Aturan Baru MBG: Kepala Dapur Wajib Hadir saat Masak, Sekolah Negeri Bisa Menolak
- Antara
"Jadi tidak mungkin dalam satu sekolah negeri katakanlah 70 persen misalnya mampu, 30 persen enggak mampu, kemudian kalau memang iya, konsensusnya harus sekolah beserta seluruh wali muridnya harus sepakat-sepakat iya semua atau sepakat-sepakat tidak semua, gitu kira-kira," tukasnya.
Sementara untuk sekolah swasta, Sudaryono belum menjelaskan ketentuan secara terperinci.

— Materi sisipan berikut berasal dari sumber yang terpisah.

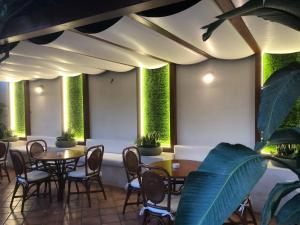 A seating area at Hotel Redebora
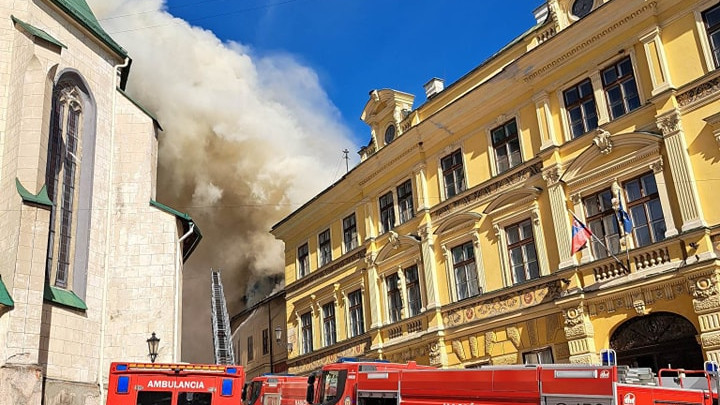 Gigantikus tűz Selmecbányán, világörökségi épület égett le - képek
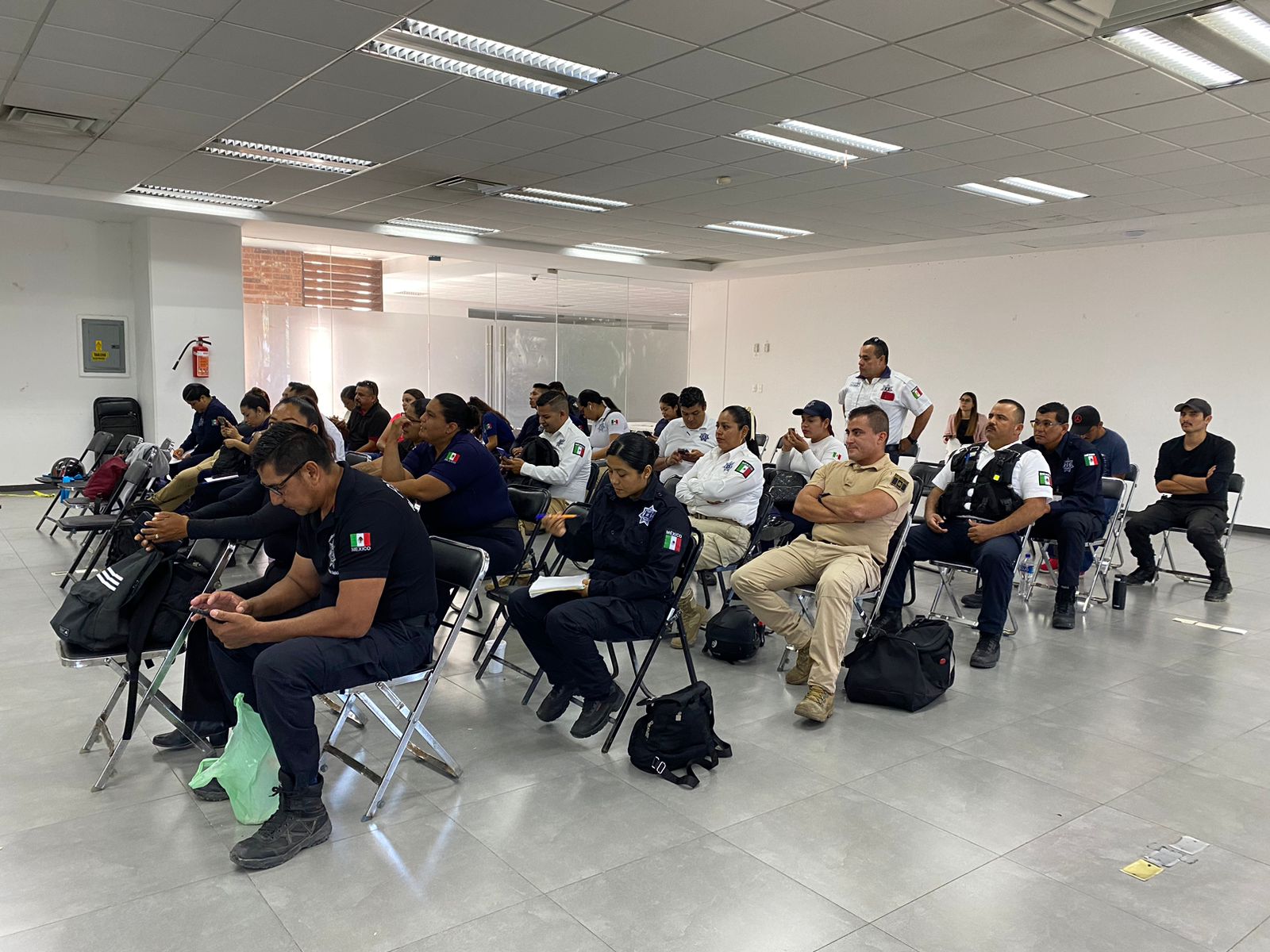 Oficiales recibieron curso de recolección y preservación de indicios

Ia hanya menyebut proses pemetaan penerima MBG di sekolah swasta dinilai lebih mudah dibandingkan sekolah negeri karena kondisi sekolah dapat menjadi salah satu pertimbangannya.
"Intinya semua diberikan kecuali yang tidak mau. Dan kami terkait sekolah swasta saya kira lebih mudah. Karena memang sebagian besar swasta bisa dilihat dari kondisi sekolah dan lain sebagainya ya," ujar Sudaryono.
Insentif SPPG
Sudaryono juga mengungkap perkembangan aturan mengenai insentif operasional SPPG sebesar Rp6 juta per hari.
Menurut dia, BGN tengah menyiapkan ketentuan baru untuk mengubah skema pemberian insentif tersebut.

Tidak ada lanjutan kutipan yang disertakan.